Work instruction
Look through the material below and copy exactly the lines from the line with "Used 2022 Chrysler Pacifica - photo 1" to the line with "Washroom. Waterproof bread", those two lines included.

Task material

________________

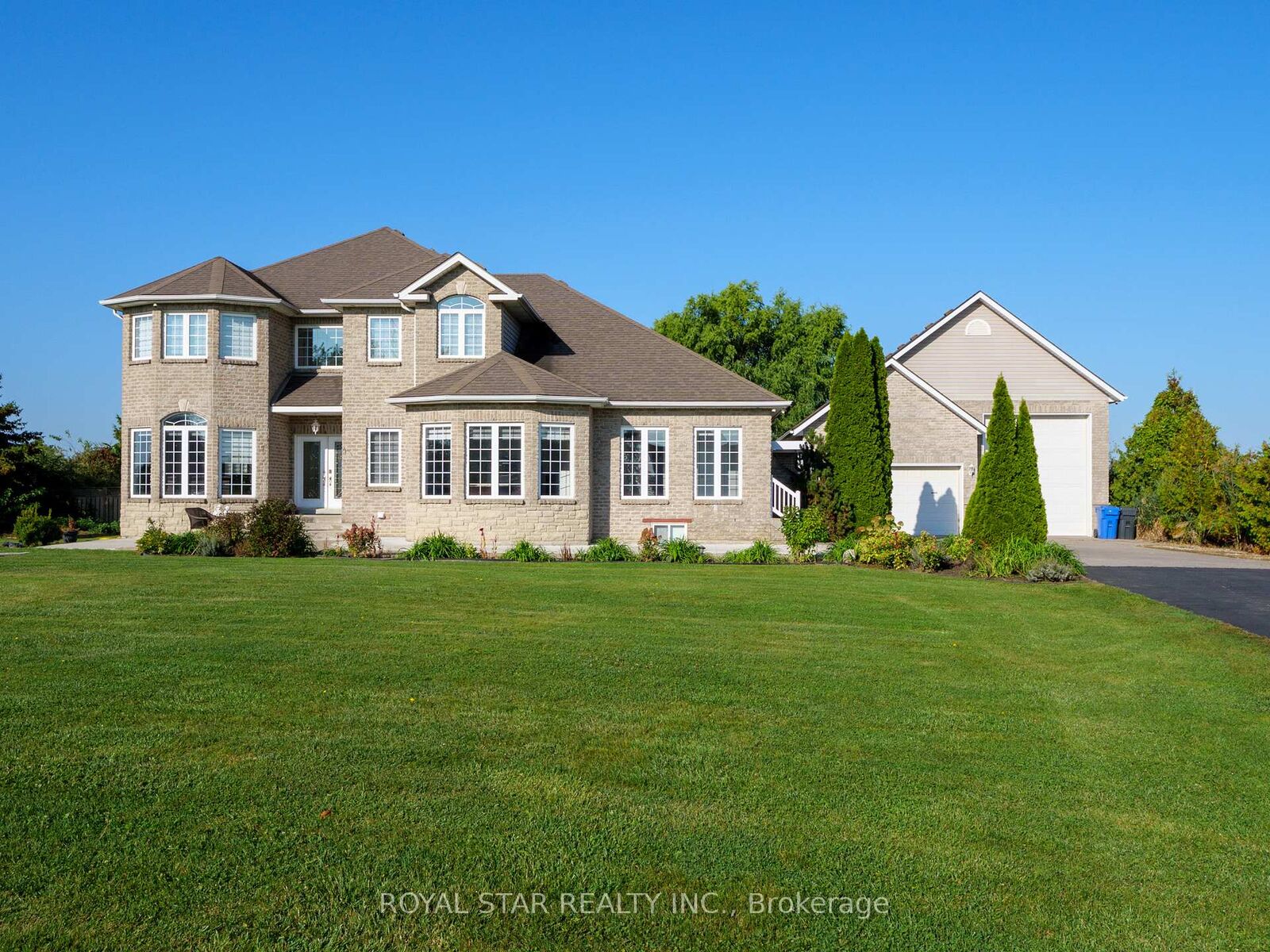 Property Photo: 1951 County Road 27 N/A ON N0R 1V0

________________

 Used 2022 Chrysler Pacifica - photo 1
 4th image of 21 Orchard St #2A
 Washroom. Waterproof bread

________________

Solution for this problem
 Used 2022 Chrysler Pacifica - photo 1
 4th image of 21 Orchard St #2A
 Washroom. Waterproof bread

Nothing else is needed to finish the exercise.